Discussion in 'Basses [BG]' started by KPO2000, Sep 27, 2001.

  1. KPO2000

    KPO2000 Supporting Member Supporting Member

    Sep 5, 2001
    I posted this question elsewhere, but I'd like to get as many different views as possible.

    If money was not an issue and condition of both were comparable and you HAD to choose ONE of the following to be your sole player, which would it be...

    a '77 MM Stingray or a '63 Fender Jazz Bass

    ...and why?

    Interested in your thoughts.
  2. If you're sure it's pre-CBS and mint, the Precis...in my sleep!!! Very versatile bass that continues to become worth even more of a fortune every year.

    If it's been modded to death, I'd go for the Ray, even though it's not as versatile as the Precis, IMO.
  3. embellisher

    embellisher Holy Ghost filled Bass Player Supporting Member

    Rick, he said Jazz, not Precision.;)

    KPO2000, first I want to say welcome to Talkbass.:)

    Now, if I had to make that choice, and the Jazz had not been modified, I would take the Jazz in a heartbeat.

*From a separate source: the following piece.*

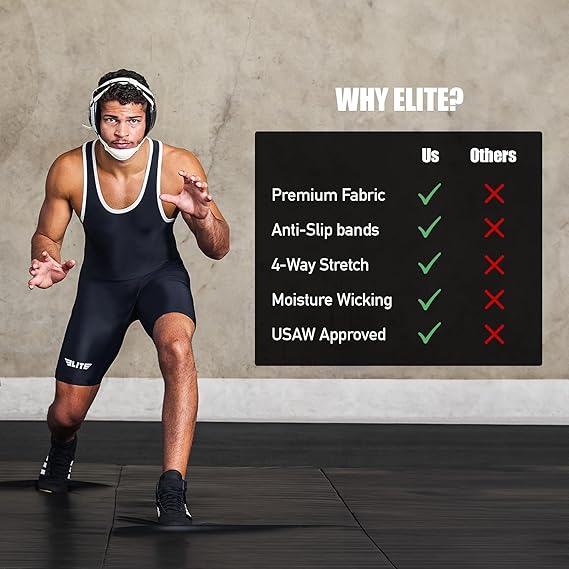 Elite Sports Men’s wrestling singlets, Standard Singlet for Men Wrestling Uniform (Black, X-Large)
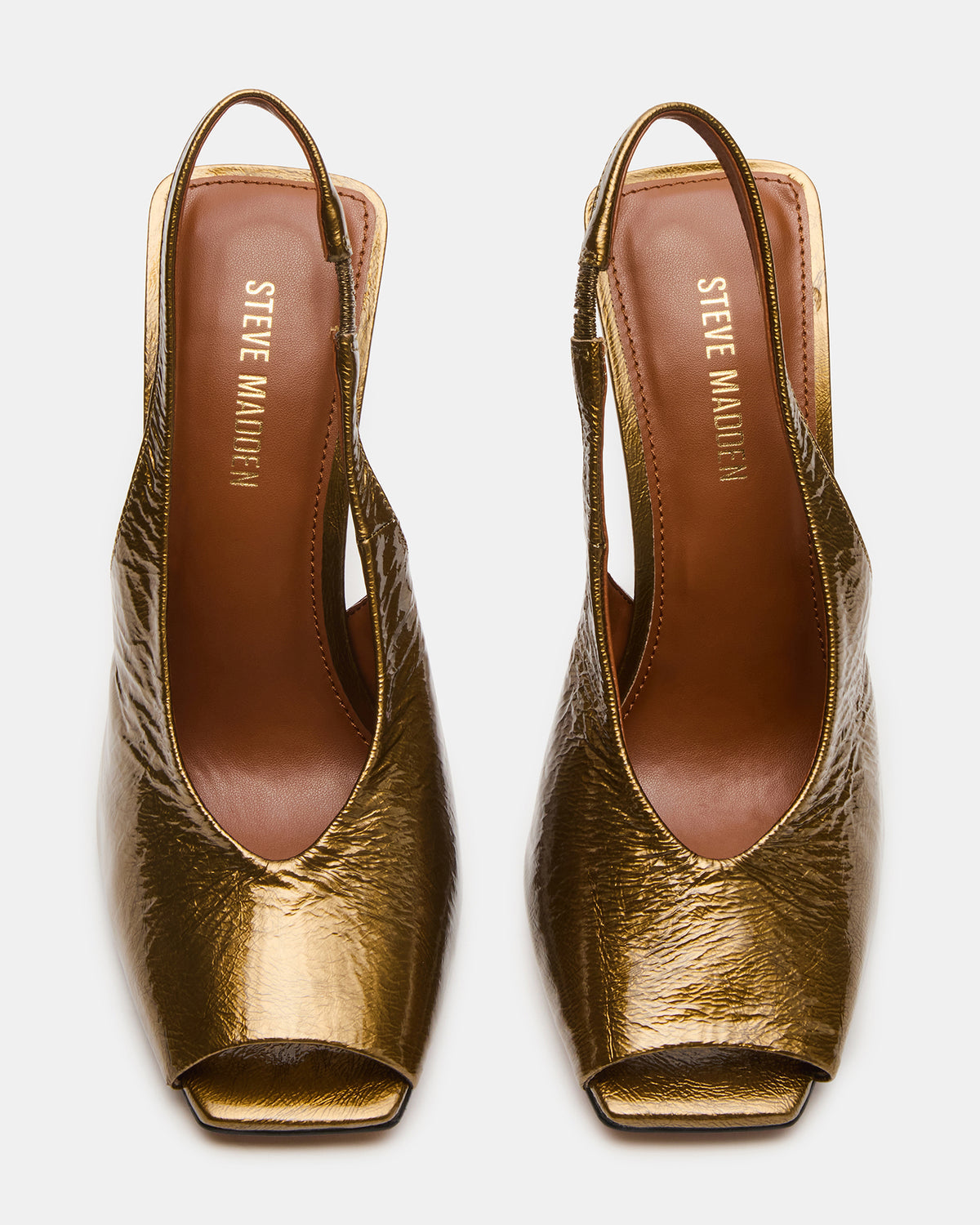 LUCIAN Olive Crinkle Patent Square-Toe Peep-Toe Slingback Women's Heel | Steve Madden Featured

Pre CBS Jazz, that would be probably the 4 string that I would want most, if money were no object.

    The main reason that I would take the Jazz is because I am a Jazz man at heart. The tone and the look of the Jazz is what I always lean towards. I love my Peavey Cirrus, but if I had to choose between it and a pre CBS Jazz, the Cirrus would be gone. My Zon, it would be a tough choice, but I would probably keep the Jazz, although to my ears, it is capable of the Jaco Jazz bridge pickup soloed fretless tone that a lot of fretlesses don't quite get. And the main reason that I bought my Pedulla Rapture J2 5 is because it is like a great Jazz bass, but with the addition of a great B string, a preamp and quiet pickups.

    Another thing, pre Ernie Ball Stingrays are nice, but Ernie Ball is making the new ones pretty dang close to the early ones. IMHO, Fender has not yet made a Jazz that equals the 1960-64(including post CBS basses made with Pre CBS parts) models.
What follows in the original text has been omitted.